Ana-babaya isyan

Hadis-i şeriflerde “ukûk” şeklinde geçen “ana-babaya isyan”; Allah’a (c.c.) şirk koşmaktan sonra, büyük günahlardan sayılmıştır. (Buhârî, Edeb, 6) Anne ve babanın gönlünü inciten, aradaki gönül bağını yıkan isyan, eziyet, hakaret gibi duygu ve davranışlar dinimizce uygun değildir.

Anne ve babamıza her türlü incitici söz, davranış ve tavırdan, en küçük görülen “üf” demek bile olsa uzak durmalıyız. Zira bu tavırlar dünyada bereket ve huzuru ve ahirette cennet nimetlerinden bizleri uzaklaştırır. Herkes anne ve babasına iyi davranmalı ve iyilikte bulunmalıdır. Onlardan biri veya her ikisi hastalanır veya yaşlanırsa, onların bu durumlarına hassasiyet gösterilmeli ve onlara tatlı ve gönül alıcı sözler söylenmeli, iyilik ve ihsanda bulunulmalıdır.

Dinimiz farklı dini inanca sahip olsalar bile evlâtlardan, anne ve babasına saygılı olmalarını emretmiştir.

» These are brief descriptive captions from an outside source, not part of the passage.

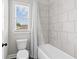 This bathroom features a bathtub with shower and a white toilet at 6080 Simone St, Acworth, GA 30101
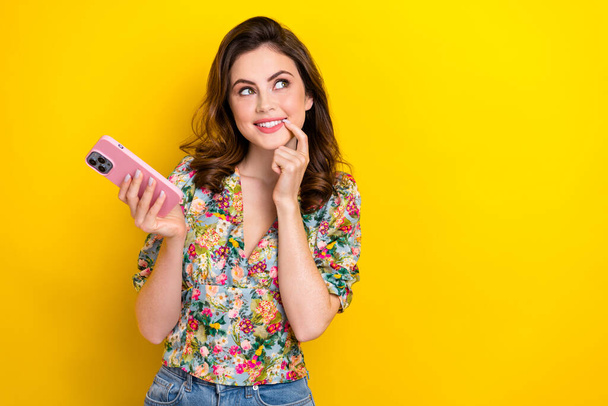 Foto van schattige minded persoon houden smart phone vinger aanraking lip look lege ruimte geïsoleerd op gele kleur achtergrond. - Foto, afbeelding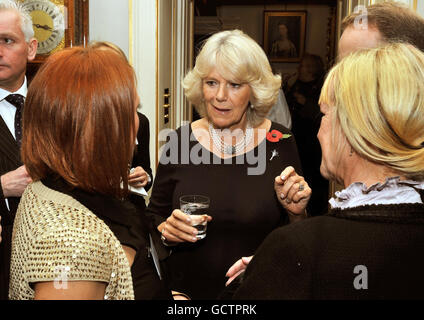 The Duchess of Cornwall talks to Rowena Elson and Deborah Morris (right), during a reception for supporters of the Welsh Guards Afghanistan appeal, at Clarence House in central London, this evening. Stock Photo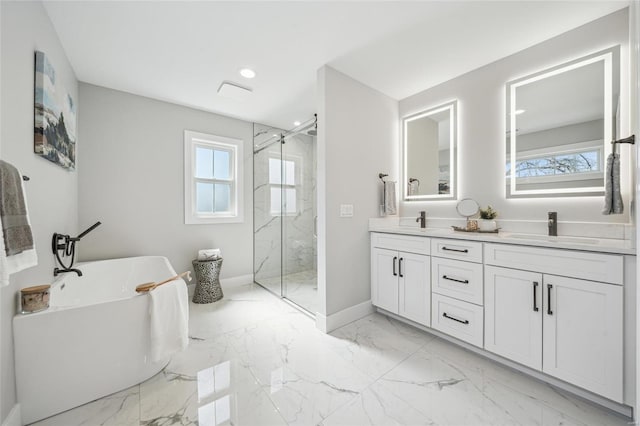 full bath featuring a freestanding tub, marble finish floor, a marble finish shower, and a sink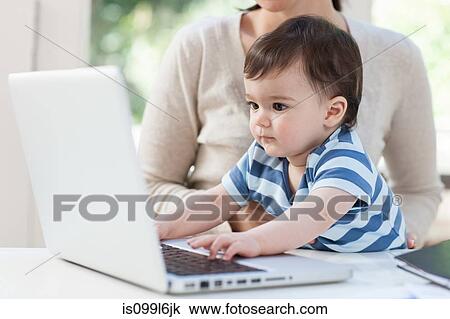 Baby boy using laptop View Large Photo Image Stock Image - Baby boy using laptop. Fotosearch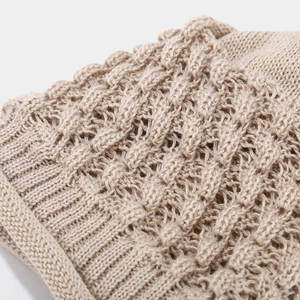Close-up of beige knit hat showing intricate hollow patterns and texture details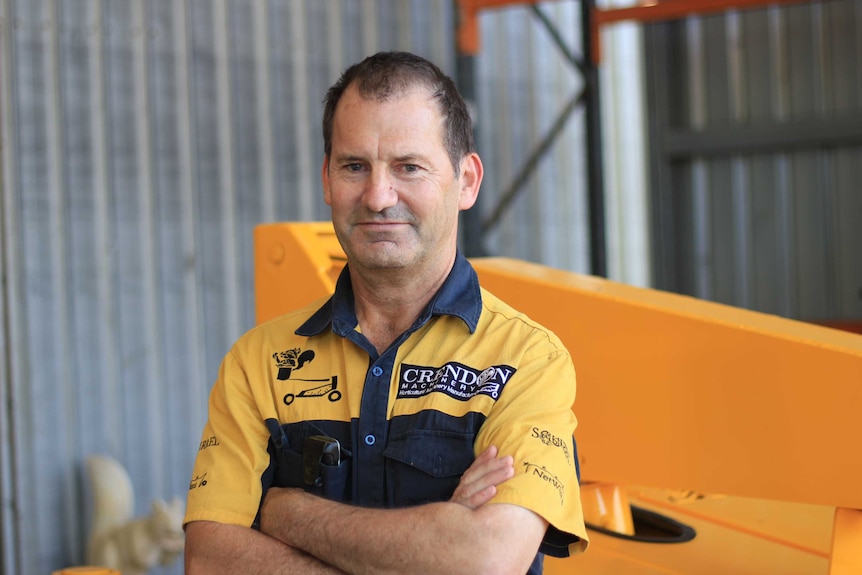 A man in a yellow work short stands in front of yellow machinery and a corrugated iron fence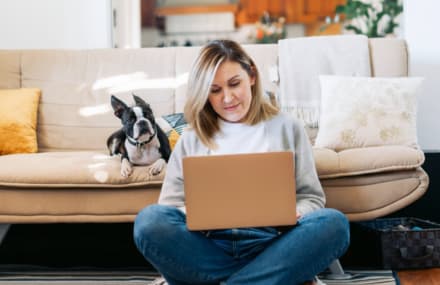 Lady working from home on her laptop with Vox Vuma’s stable fibre internet connection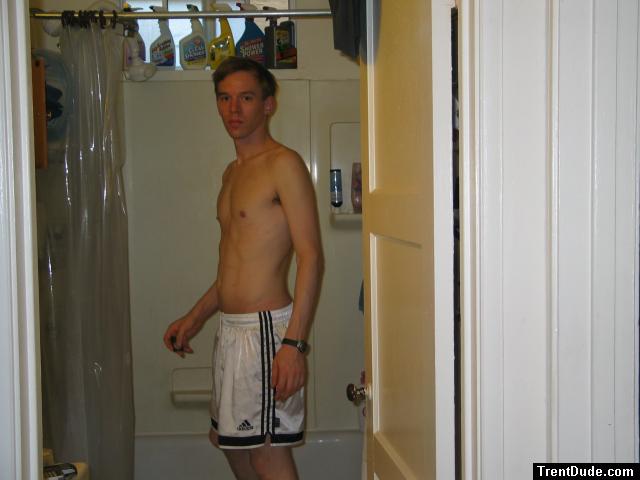 Shirtless in white addidas shorts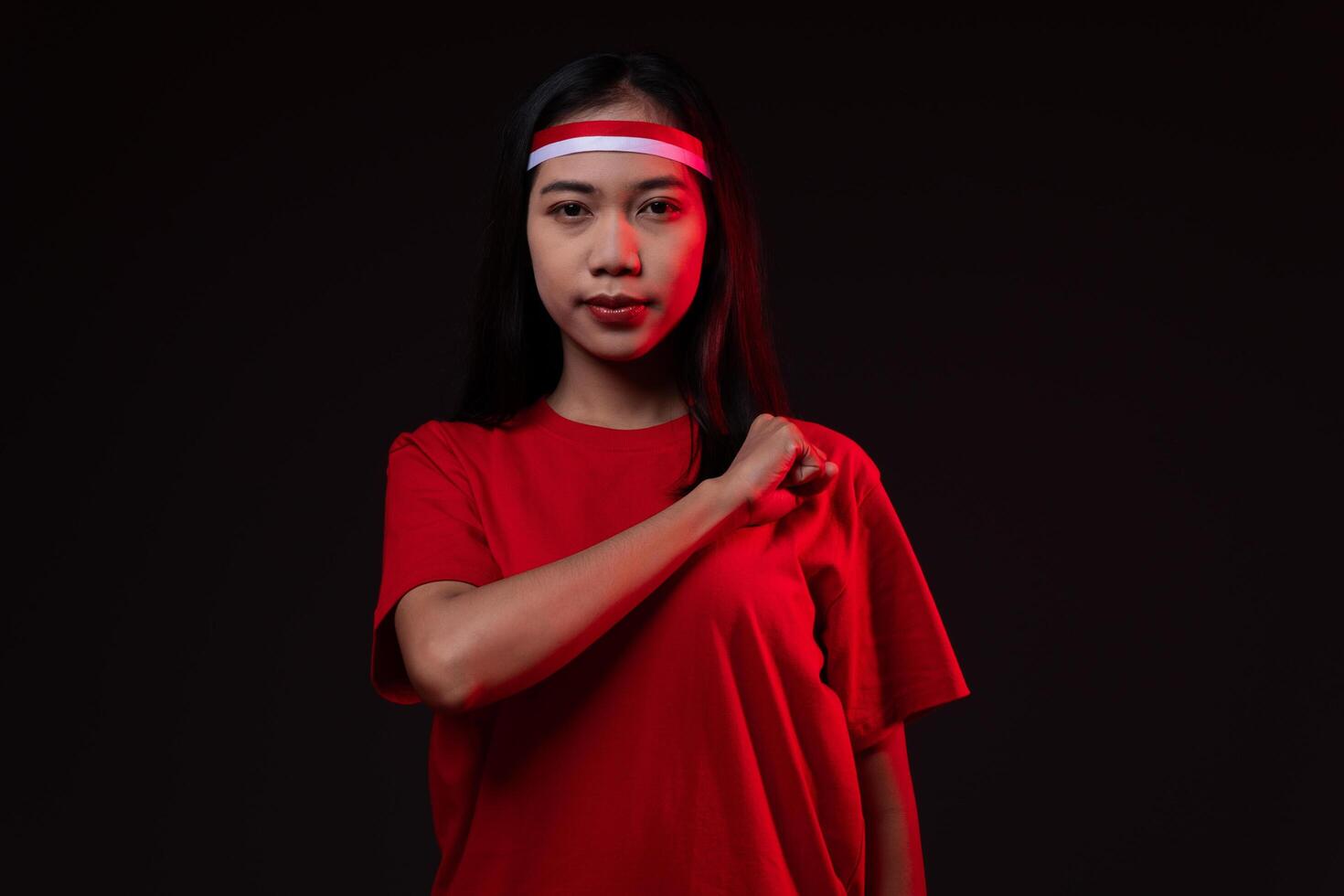 Portrait of Young Asian Woman with Salute Gesture Wearing Red Outfit, Indonesian Independence Day Concept Isolated photo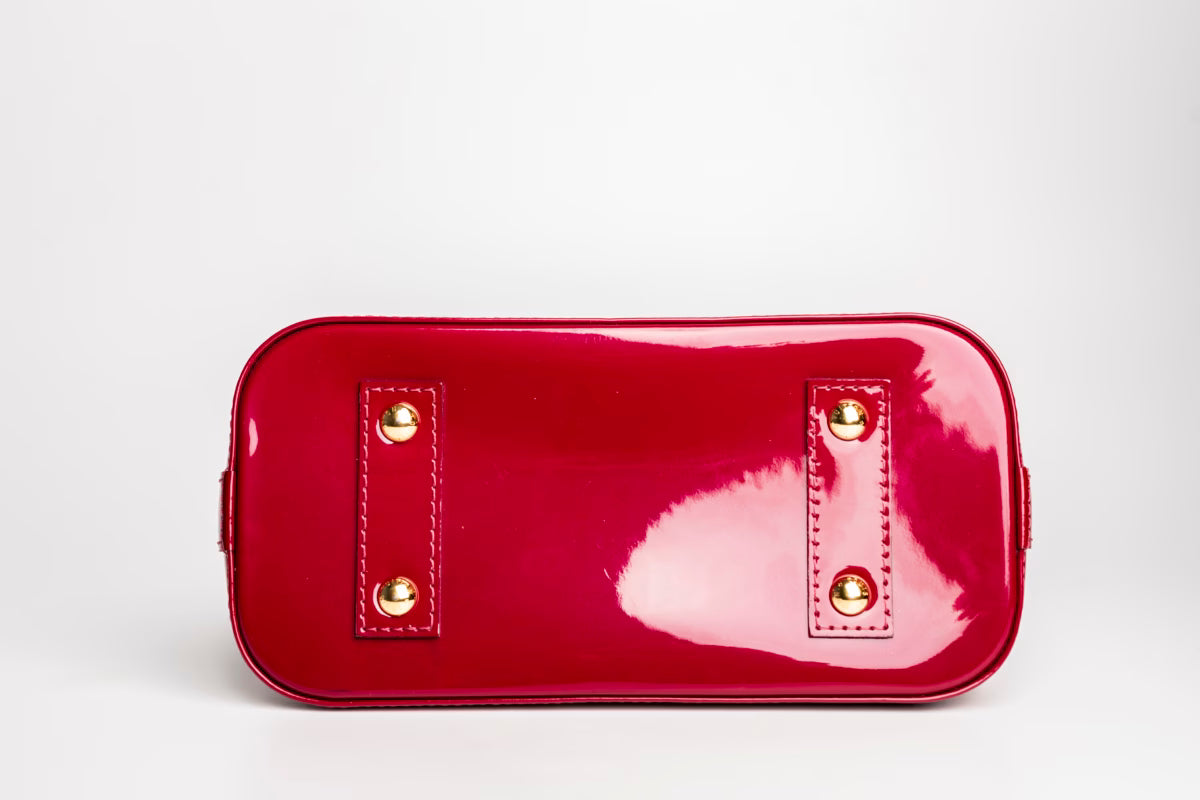 Çantë dore Louis Vuitton Alma Monogram Canva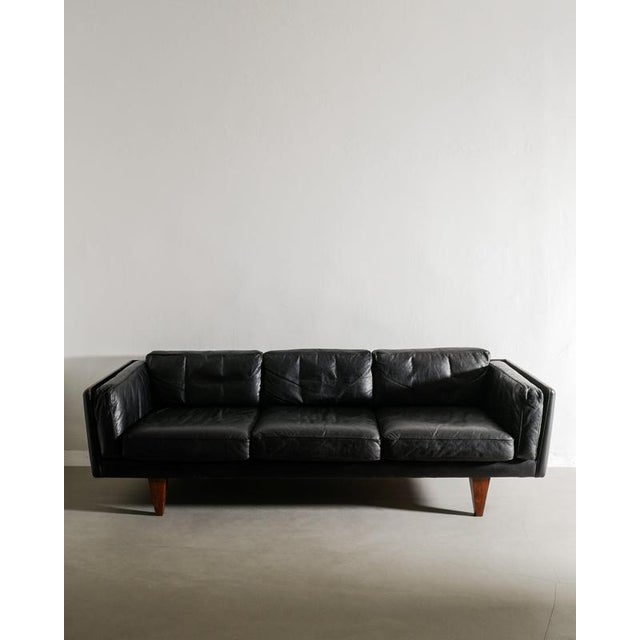 Rare danish mid century three seater sofa model "v11" in original black leather with matching sculptural rosewood feet by...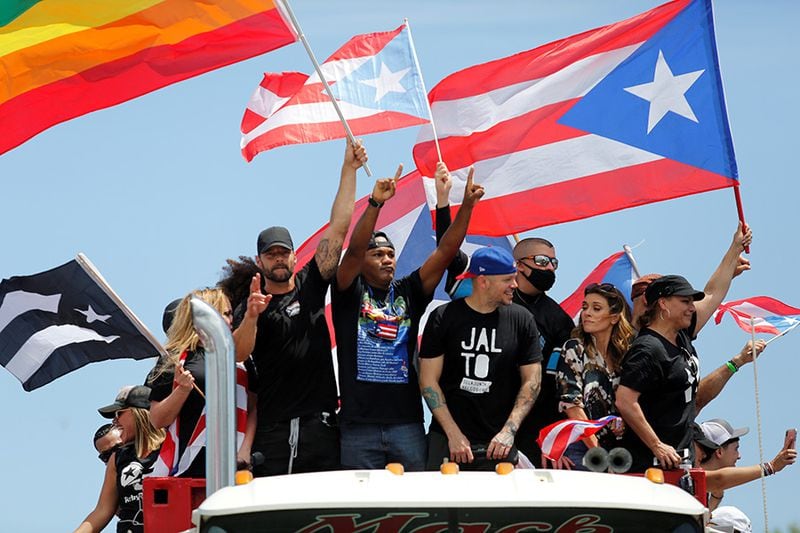Puerto Rican celebrities including Residente, Bad Bunny and Ricky Martin join demonstrators during a protest calling for the resignation of Governor Ricardo Rossello in San Juan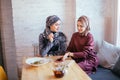 Two Muslim women in cafe, friends meeting Royalty Free Stock Photo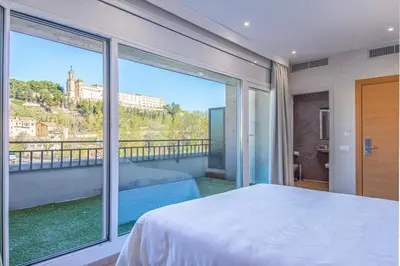 Cama o camas de una habitación en HOTEL JAUME D'URGELL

Bir evlat anne ve babasının hakkını ödeyemez. Zira anneler, evlâtlarını büyük sıkıntılar çekerek karınlarında taşır ve bin bir zorluklarla dünyaya getirirler. Büyütülüp yetiştirilip ve hayata hazırlanmamızda büyük çileler çektiklerinin bilincinde olalım. Onlar her saygı ve ikramı hak etmektedirler.